I cannot talk about Jaime without doing a brief intro of him (because I really admire him), Jaimito Avila was my classmate at school, he’s the smartest person I have ever know, he’s 25, and he teaches Spanish literature at La Sorbonne. I could write more about his tangible successes, but for me, the best way to describe him is by saying that he is an artist. Artists are the hardest human the most beautiful beings to find in the world. I can say they see the world with different eyes. It’s a way of living, according to me.

The first thing he metioned was the importance of understanding the difference between Silence and Mute. To explain this metaphor, he used the example of writing. Nothing is the white part of the page, the first letter of a word a sound. This means, if Nothing doesn’t exist, the sounds cannot exist. This is what the Spanish poet Jaime Siles, called La Nada Sonora.

That day, during my skype conversation I had with Jaime, was next to me a person who I also consider an artist, my cloud-friend Beba Urruela. While she listened to the conversation, I knew her head was working  in the same line as mine, but interpreting the Silence metaphor in her own way. She surprised me when she expressed this: As a musician, she thinks the silence can be more important than the lyrics themselves. At that moment, she was recording a song, called ‘on & off’.

So, considering the importance of the silence and projecting herself in a stage with a contemporary audience listening to this song, she expresses the beauty of the feeling of those seconds when there’s absolutely nothing, and just the audience waiting for the next sound.

Today, when I play the song, I’m actually anxious of listening to this dramatic effect at minute 2:09, when I can actually feel the Silence in the song, and remember what she felt when she did it. Isn’t this a beautiful communication?

Jaimito explained a more symbolic interpretation of the silence, a stronger interpretation, but all connected at the same time. In his poem ‘Musica de Agua’ Jaime Siles reaches a level of abstraction quite strong, that he realized he wasn’t communicating enough. His reader might understand his poem in a hundred years, but not now. Unstead of achieving Silence he remained mute.

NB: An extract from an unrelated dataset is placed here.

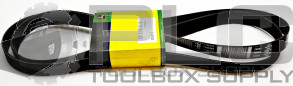 NEW JOHN DEERE T180368 BELT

Silence communicates while Mute doesn’t.

But, is Mute bad?

Not exactly. A lot of great artists achieved a connection with their audience, years after the art piece was made. We say they were ahead of their era; they are great because they overcame Time.

So, which one is better? Silence or Mute?

According to Anne-Sophie, it’s definitely Silence. She explains it as simple as this: Silence equals Now, and Now is more important than tomorrow. If you do the best NOW, you are choosing the best direction of the present, therefore the best entrance to the future.

For me, Silence is the highest and most beautiful level of simplicity. But in order to achieve this, you have to overcome the highest level of complexity. The hardest part is to know when to stop this complexity, so you can reach your audience in your own time.